What you have is the slower way to contruct a dictionary and then passing to the Python native JSON vs. a C optimized JSON for output.



Although this is Round 7, we have no delusions that there is not a lot of room for improvement (particularly in the toolset, although that's a separate matter). If there are tuning tweaks, we'd love to receive a pull request.

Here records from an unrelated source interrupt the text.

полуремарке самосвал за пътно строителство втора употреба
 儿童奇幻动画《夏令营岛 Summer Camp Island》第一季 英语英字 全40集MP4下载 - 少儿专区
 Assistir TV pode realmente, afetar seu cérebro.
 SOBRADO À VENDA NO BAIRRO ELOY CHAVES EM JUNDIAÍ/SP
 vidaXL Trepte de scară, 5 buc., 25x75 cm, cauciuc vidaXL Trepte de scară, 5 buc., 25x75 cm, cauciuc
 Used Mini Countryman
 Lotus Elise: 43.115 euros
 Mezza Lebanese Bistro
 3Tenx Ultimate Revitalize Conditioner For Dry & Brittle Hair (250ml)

Just to expand on that (I had to check it for myself) - in my ipython (ageing core2, two cores at around 6k "bogomips"):

    %timeit d={"message": "Hello, world"}
10000000 loops, best of 3: 103 ns per loop

    %timeit d=dict(message="Hello, world")
1000000 loops, best of 3: 298 ns per loop

    sys.version
    Out[24]: '2.7.3 (default, Jan  2 2013, 13:56:14) \n[GCC 4.7.2]'
So, pretty big difference.


Yes, but!

At 103ns per iteration, you can do 9.7 million iterations per second. At 298ns per iteration, you can do 3.4 million iterations per second.

Let's look at the wsgi numbers for json serialization:

  wsgi-nginx-uWSGI: 109,882 rps
  bottle-nginx-uWSGI: 65,793 rps
  wsgi: 65,755
  ..
Now, let's look at the best case comparison: 109,882 rps vs 3.4 million iterations per second. Is cutting iteration time down to 1/3 significant (298ns vs 103ns)? Yes. Is it significant in the overall context? No.

With a 31x difference between 109,882 and 3.4 million* (and, since this is comparing to an i7, that 31x is probably closer to the ballpark of 100x), this simply isn't likely to be the place where optimization will help much. Put simply, the {"message": "Hello, world"} vs dict(message="Hello, world") cost difference is likely insignificant when compared to the cost of the rest of the request.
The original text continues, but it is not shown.